(SOURCE MATERIAL):
^^^^
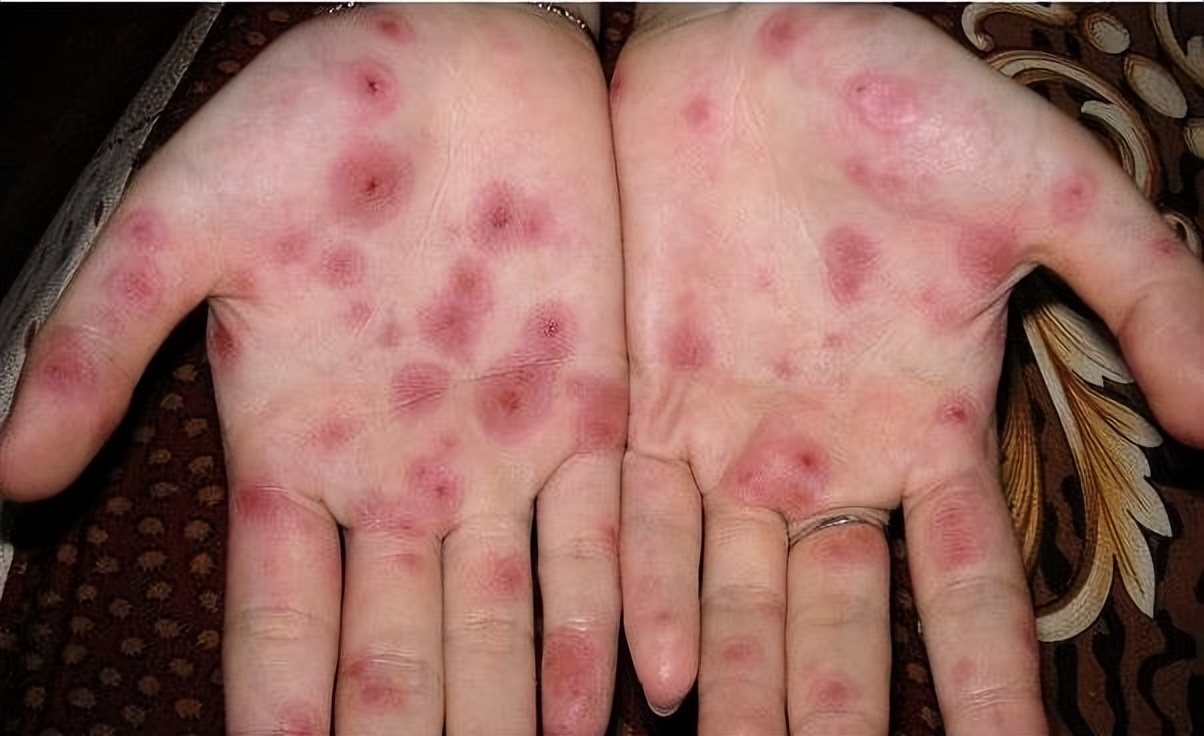 除了艾滋病还有什么可怕的病,除了艾滋病还有什么病治不好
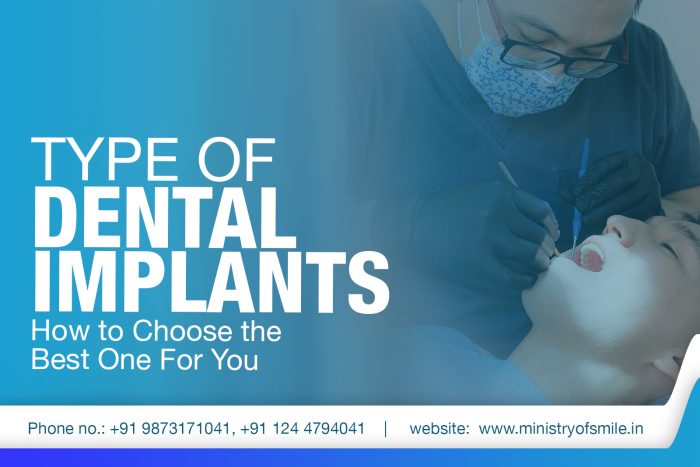 Dental Implants in Gurgaon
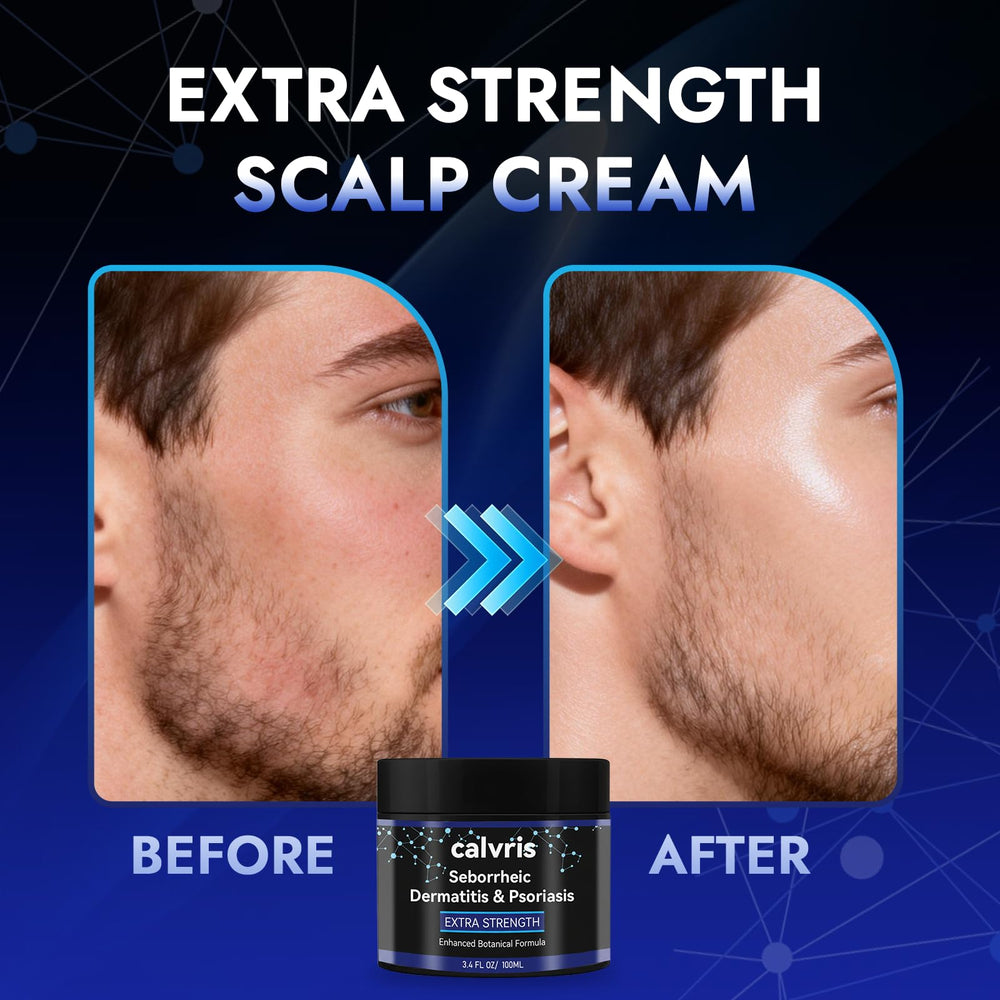 Calvris scalp cream lightweight absorption ideal for daily routines.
^^^^
(WHAT IS NEEDED):
Beginning with the line that holds "Dental Implants in Gurgaon", extract every line to the end of the material, exactly as it stands, and drop the pictures.

(RESPONSE FOR THIS EXERCISE):
 Dental Implants in Gurgaon
 Calvris scalp cream lightweight absorption ideal for daily routines.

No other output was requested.